Employment resilient in listed companies

by Mahesh Vyas

The nominal wage bill of listed companies grew by 8.5 per cent in 2019-20. This is at the lower end of the annual growth rates of wages recorded in the past four years. Nominal wages of listed companies had grown by between 9 and 12 per cent in the preceding four years. Growth in 2019-20 was not only lower than in the recent past but, it was also barely higher than the inflation rate recorded during the year. Therefore, much of the increase in the wage bill was offset by the 7.5 per cent consumer price inflation. The inflation adjusted wage bill of listed companies saw a meagre 0.95 per cent increase in 2019-20. This was the lowest annual growth in real wages in ten years.

The 8.5 per cent nominal increase in the wage bill of listed companies was the combined outcome of an increase in employment and a simultaneous increase in the nominal wage rate. The average wages per employee of listed companies was Rs.715,082 per annum. This was 5.6 per cent higher than it was a year ago. However, this increase in the wage rate was lower than the 7.5 per cent inflation in the year. As a result, the inflation adjusted wage rate declined for the first time in over ten years. It declined by 1.8 per cent.

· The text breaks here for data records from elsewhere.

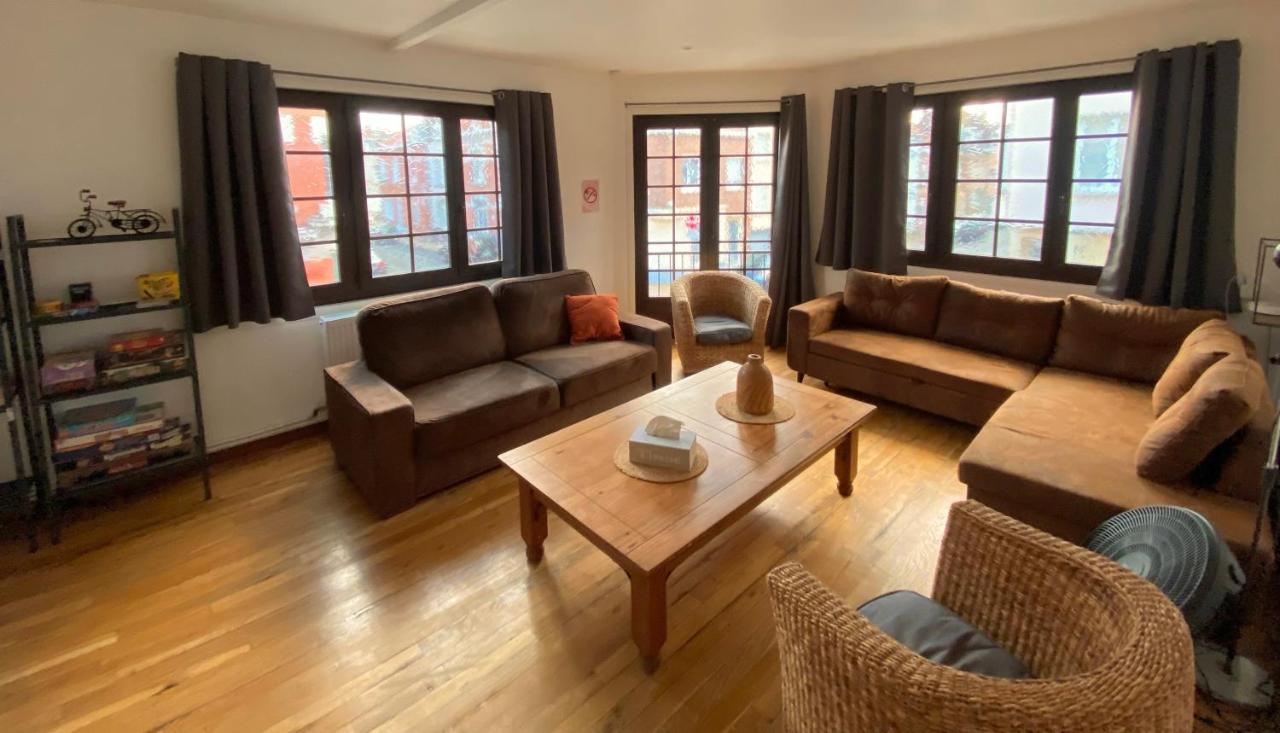 Superbe Appartement F4 Au Coeur De Malo-Les-Bains Dunkirk Екстериор снимка
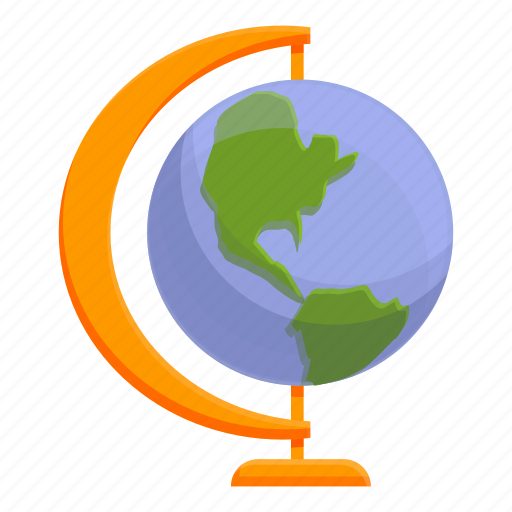 School, globe, geography, global icon - Download on Iconfinder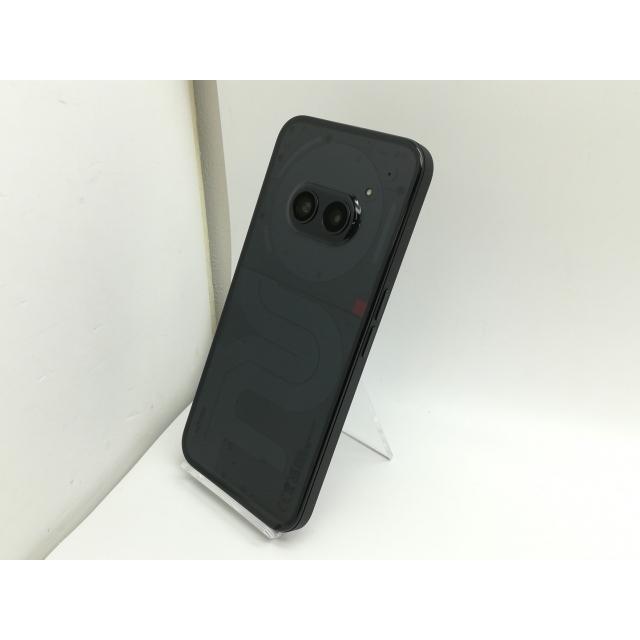 中古】NOTHING 国内版 【SIMフリー】 Nothing Phone (2a) 8GB 128GB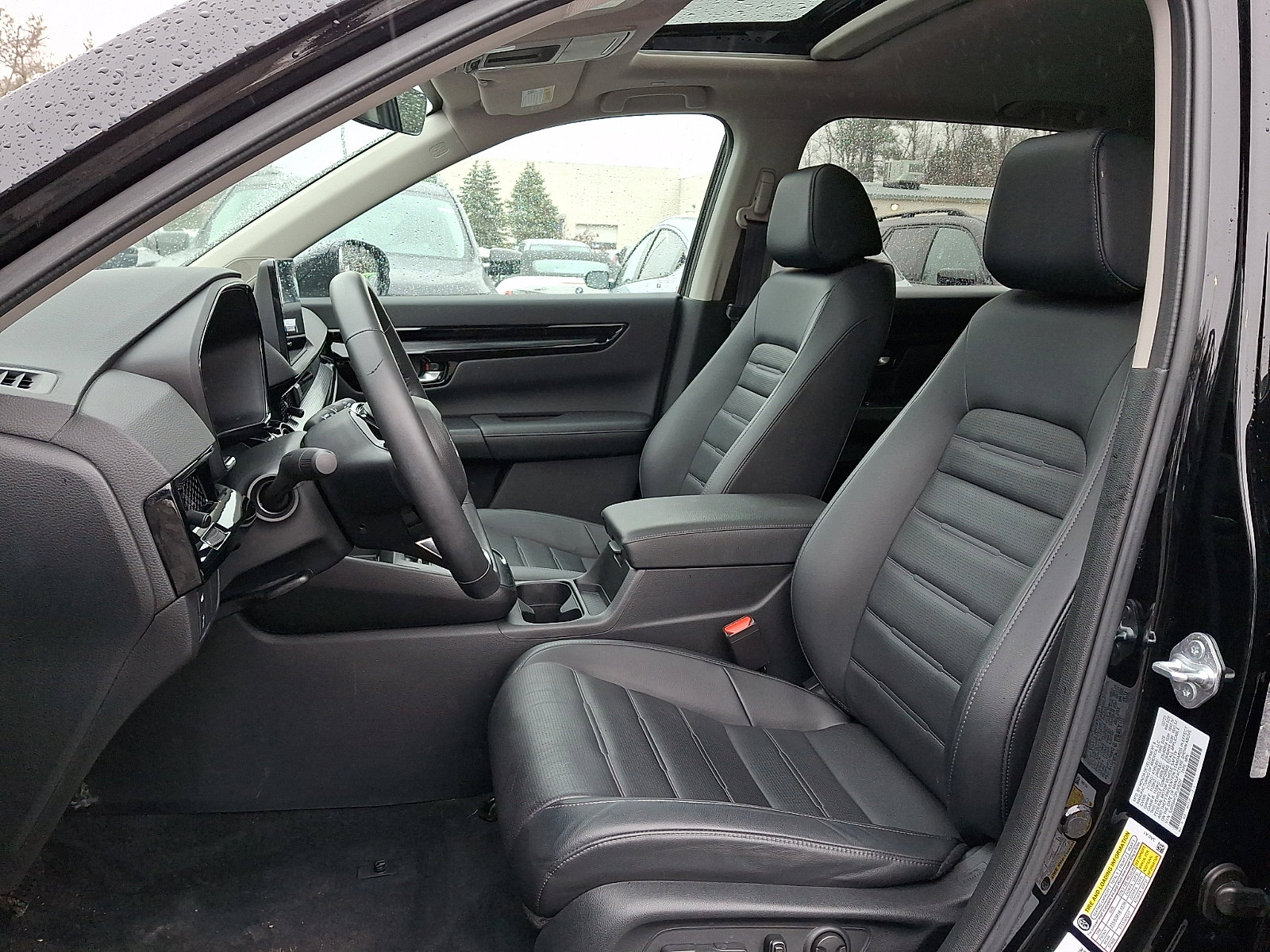 Certified 2023 Honda CR-V EX-L image 14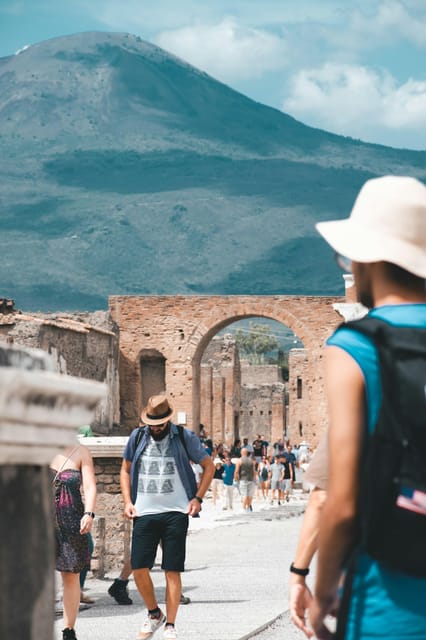 Pompeii Half Day Guided Tour - Skip the Line - Availability Check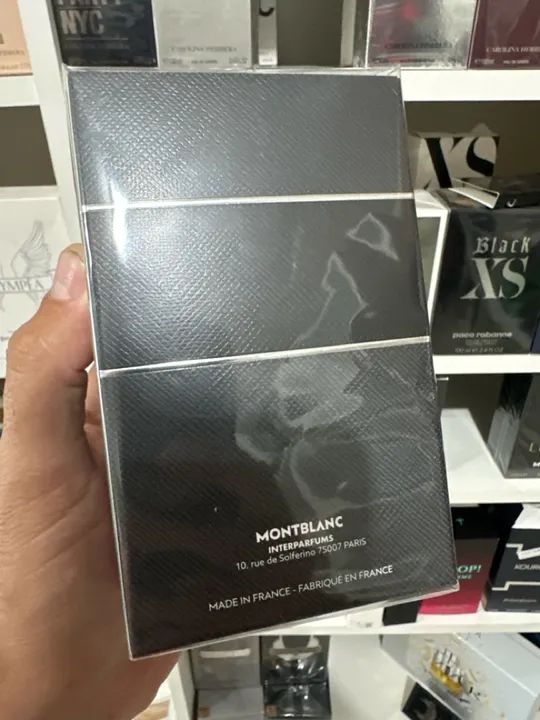 Perfume Montblanc Explorer Eau de Parfum 100ml - Foto 2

Listed companies increased their headcount by 2.8 per cent in the year. These estimates are drawn from the audited annual financial statements of 2,623 listed companies for the financial year 2019-20 available in CMIE’s Prowess database. These companies employed 8.2 million people during the year.

The 2.8 per cent increase in employment by these listed companies is heartening. Overall employment had grown by only 0.6 per cent during the year according to CMIE’s Consumer Pyramids Household Survey. And, the count of salaried employees had declined by 2 per cent from 87.7 million in 2018-19 to 85.9 million in 2019-20. Listed companies did much better on providing additional jobs than the rest of the economy.

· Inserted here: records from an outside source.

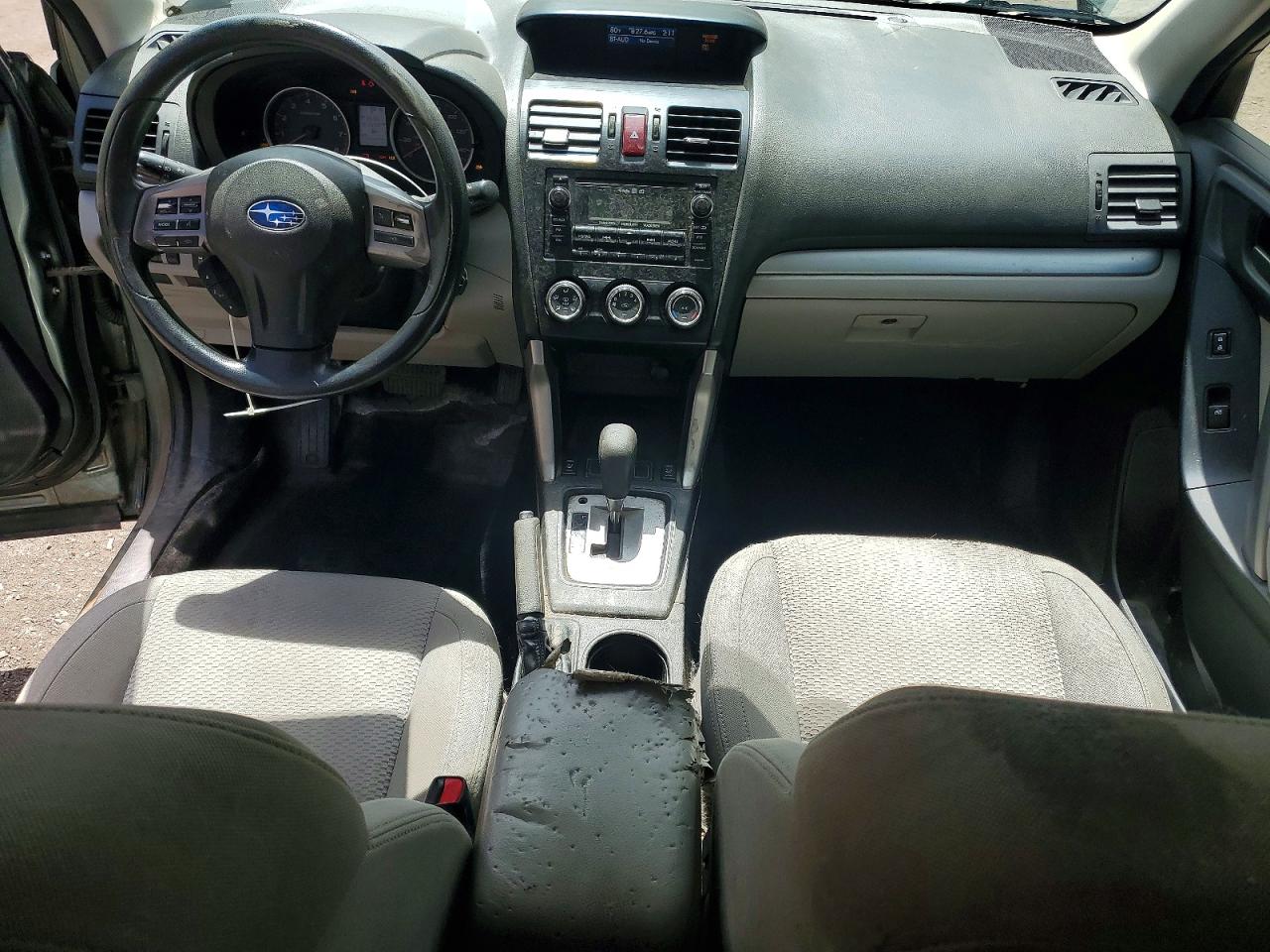 2014 SUBARU FORESTER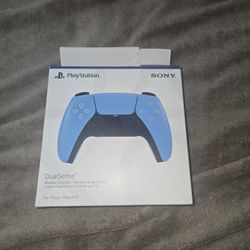 PS5 Ice Blue Controller 60$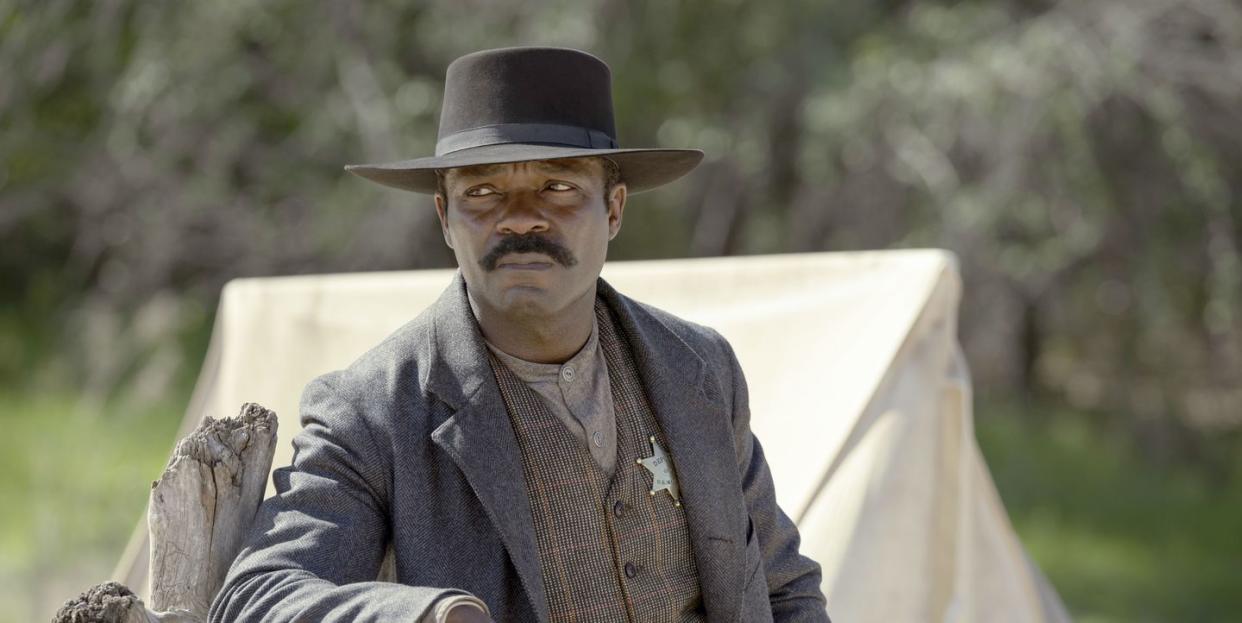 david oyelewo, lawmen bass reeves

These companies provide better quality jobs and so it is particularly reassuring to see these jobs grow faster than the overall growth of jobs in India. In 2018-19, overall salaried jobs grew by 0.1 per cent according to CPHS but the listed Prowess companies saw a growth of 5.2 per cent in employment. Earlier, in 2017-18, while CPHS showed a 1.6 per cent increase in salaried jobs, Prowess showed a 2.6 per cent increase in jobs. This is an encouraging feature of the kind of jobs growing in India. Currently, jobs in listed Prowess companies account for less than ten per cent of all salaried jobs.

Quarterly financial statements of listed companies indicate a substantial deterioration of employment conditions during the first half of 2020-21.

In the first quarter of 2020-21 which ended in June 2020, their nominal wage bill recorded its lowest year-on-year growth of 2.2 per cent. Quarterly financial statements are usually available for around 4,500 companies per quarter. Results for the second quarter, ended September 2020 are still flowing in. As of November 8, data for 1,314 companies were available in the Prowess database. These indicate that the wage bill grew by 6.5 per cent during this quarter. Given that companies whose performance is relatively poor tend to delay releasing their financial statements, it is likely that the growth in wages seen thus far could deteriorate in the coming weeks as the sample size rises to more than 4,000. Nevertheless, it may be fair to assume an improvement in the growth in the wage bill compared to the 2.2 per cent growth recorded in the first quarter.

It is likely that the year-on-year growth in the wage bill of listed companies during the first half of 2020-21 could be between 3 and 4 per cent. This, of course, would be its worst record in decades. A 3-4 per cent increase in nominal wages implies a fall in real wages because inflation has been around 6.8 per cent during this period. It is possible that real wages fell by 3 per cent in the listed companies of India.

Employment data is not available systematically for all listed companies in their quarterly financial statements like they are available in their audited annual financial statements. As a result, we cannot comment with confidence on the employment trend in these companies during 2020-21. But, we may conjecture that even listed companies must have seen substantial job losses in the first half of 2020-21.

If part of the 3-4 per cent fall in real wages is the result of a fall in the wage rate (a fair assumption), then the fall in employment in listed companies is likely to be less than 3 per cent during the first half. This reflects remarkable resilience of jobs in the listed companies even during the lockdown. This is particularly encouraging because according to CPHS the fall in salaried jobs during the first half was of the order of 20 per cent. Apparently, the fall in salaried jobs happened mostly in unlisted companies and in the unorganised sector where 90 per cent of such jobs exist.